Is there any tests on an Integrated graphics Intel CPU's when installed with a dedicated card that shows whether the onboard still drives the wattage up? I just am not in love with 125W instead of 95W. If the chip doesn't use the onboard is power consumption down, because then I'd be more inclined.
 
None that I can think of, but that being said, it's never going to not consume a little bit of power. It's going to take a a couple of watts just run enough power to it to shut it off, if that makes sense.

Probably not enough power to affect overclocking or boost when not in use.
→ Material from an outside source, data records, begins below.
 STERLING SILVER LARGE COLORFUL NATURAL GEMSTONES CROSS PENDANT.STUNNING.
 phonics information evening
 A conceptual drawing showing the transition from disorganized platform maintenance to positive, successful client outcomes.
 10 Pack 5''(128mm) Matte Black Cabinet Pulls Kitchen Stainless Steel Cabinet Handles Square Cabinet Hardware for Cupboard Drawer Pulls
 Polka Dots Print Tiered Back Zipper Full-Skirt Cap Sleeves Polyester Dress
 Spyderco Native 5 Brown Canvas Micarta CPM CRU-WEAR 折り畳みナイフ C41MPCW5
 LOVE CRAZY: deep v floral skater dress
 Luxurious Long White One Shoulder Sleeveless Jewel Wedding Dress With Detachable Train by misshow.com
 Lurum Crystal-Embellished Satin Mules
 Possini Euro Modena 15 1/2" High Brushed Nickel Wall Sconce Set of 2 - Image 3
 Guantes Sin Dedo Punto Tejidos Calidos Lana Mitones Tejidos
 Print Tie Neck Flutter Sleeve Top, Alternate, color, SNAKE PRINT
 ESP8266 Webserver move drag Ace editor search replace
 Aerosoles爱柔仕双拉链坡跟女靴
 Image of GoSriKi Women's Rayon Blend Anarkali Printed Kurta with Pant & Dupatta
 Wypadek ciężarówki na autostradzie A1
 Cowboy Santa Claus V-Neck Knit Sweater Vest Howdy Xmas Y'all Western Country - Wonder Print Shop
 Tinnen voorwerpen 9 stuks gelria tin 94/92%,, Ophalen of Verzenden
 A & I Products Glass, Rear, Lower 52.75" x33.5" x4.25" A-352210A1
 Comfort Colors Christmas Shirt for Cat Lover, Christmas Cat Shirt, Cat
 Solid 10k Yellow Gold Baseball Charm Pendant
And it might actually improve power delivery across the chip in theory depending on how it's connected.
 
Is there any tests on an Integrated graphics Intel CPU's when installed with a dedicated card that shows whether the onboard still drives the wattage up? I just am not in love with 125W instead of 95W. If the chip doesn't use the onboard is power consumption down, because then I'd be more inclined.
If you've looked at reviews of either CPU, you'll have had the opportunity to note that '95W' and '125W' are pretty arbitrary when you take the training wheels off of the CPUs. Something worth going back and looking at just for your own awareness on the subject.
 
3600XT and 3800XT are the worst offenders of this release. A 3700X costs $20-30 more than the 3600XT and will walk all over it in non-gaming tasks while being very similar in gaming. Same with 3800XT vs 3900X. At least the 3950X is quite a bit more expensive than the 3900XT, so it’s not as easy to make the jump. This release just seems like a waste, I’m not sure who exactly is buying these either since none of them perform meaningfully better than the Non-XT/Non-X versions.
 
3600XT and 3800XT are the worst offenders of this release. A 3700X costs $20-30 more than the 3600XT and will walk all over it in non-gaming tasks while being very similar in gaming. Same with 3800XT vs 3900X. At least the 3950X is quite a bit more expensive than the 3900XT, so it’s not as easy to make the jump. This release just seems like a waste, I’m not sure who exactly is buying these either since none of them perform meaningfully better than the Non-XT/Non-X versions.

my guess is the yields are so good now that they could justify doing something like this because they have an excess of what's considered the top percentage of dies. i do agree the 3800XT and 3900XT seem to be a waste but meh might as well fill the price gaps if you have the dies to spare. i still blame the rumor mills and reddit for overhyping these processors before AMD even announced the clock speed differences.
 
i still blame the rumor mills and reddit for overhyping these processors before AMD even announced the clock speed differences.
AMD themselves marked them with '4.7GHz boost'; had that been an attainable all-core overclock target, the hype would have been justified.

...it isn't. Not even close. Even the all-core gains reported for the XT CPUs, which are higher, don't result in corresponding real-world increases in performance, and they don't alter the competitive landscape.
 
If you've looked at reviews of either CPU, you'll have had the opportunity to note that '95W' and '125W' are pretty arbitrary when you take the training wheels off of the CPUs. Something worth going back and looking at just for your own awareness on the subject.

I have no plans to overclock. This is just a rendering computer for me. The reviews I've seen show a massive 295W on full core load for the 10900K while the 3900X is 225W ish. But I wanted to know if some of that overage is due to the on chip graphics or if that power draw is insignificant and the intel is just power hungry.
 
I have no plans to overclock. This is just a rendering computer for me. The reviews I've seen show a massive 295W on full core load for the 10900K while the 3900X is 225W ish. But I wanted to know if some of that overage is due to the on chip graphics or if that power draw is insignificant and the intel is just power hungry.

Intel is on 14nm++++, AMD is on TSMC 7nm. There's the difference. Go with whichever gives you best performance for your use case.